● Exercise description
Repeat exactly the line with "KICAU MANIA (ASACORE Blend)" and each line after it to the end of the data below; pictures stay out.

● Records supplied
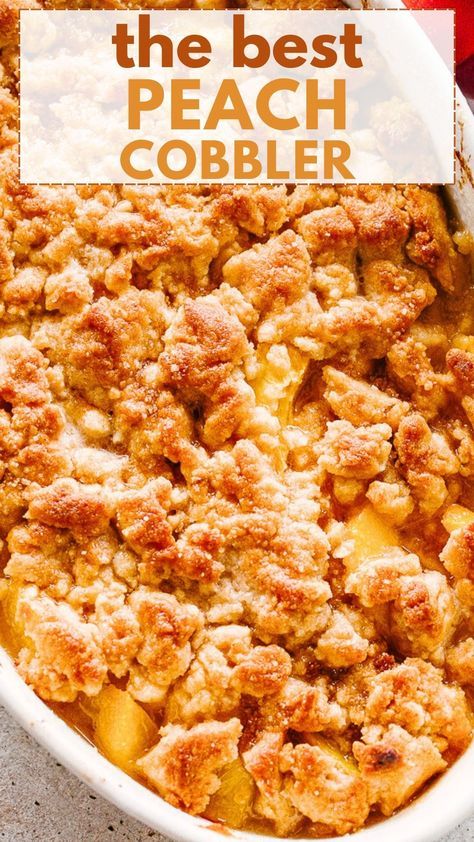 Pie, Essen, 8x8 Recipes, Best Peach Cobbler Recipe, The Best Peach Cobbler, Good Peach Cobbler Recipe, Best Peach Cobbler, Cobbler Recipes Easy, Easy Peach Cobbler Recipe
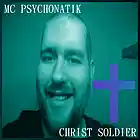 Picture for song 'Die For Christ' by artist 'MC PSYCHONATIK'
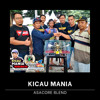 KICAU MANIA (ASACORE Blend)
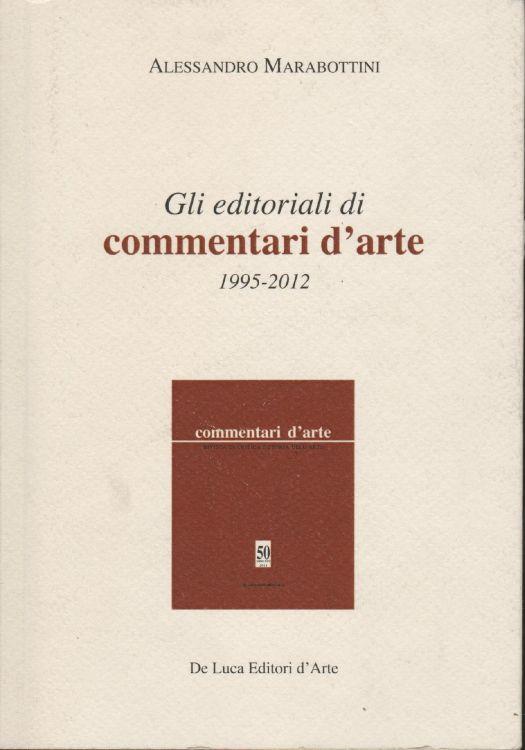 Gli editoriali di commentari d'arte : 1995-2012 - Alessandro Marabottini - copertina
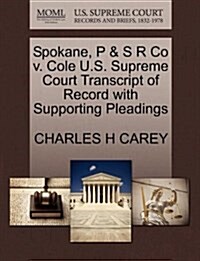 Spokane, P & S R Co V. Cole U.S. Supreme Court Transcript of Record with Supporting Pleadings (Paperback)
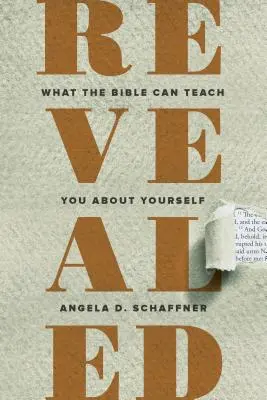 Revelado: Lo que la Biblia puede enseñarte sobre ti mismo - Revealed: What the Bible Can Teach You About Yourself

● Reply to the task
 KICAU MANIA (ASACORE Blend)
 Gli editoriali di commentari d'arte : 1995-2012 - Alessandro Marabottini - copertina
 Spokane, P & S R Co V. Cole U.S. Supreme Court Transcript of Record with Supporting Pleadings (Paperback)
 Revelado: Lo que la Biblia puede enseñarte sobre ti mismo - Revealed: What the Bible Can Teach You About Yourself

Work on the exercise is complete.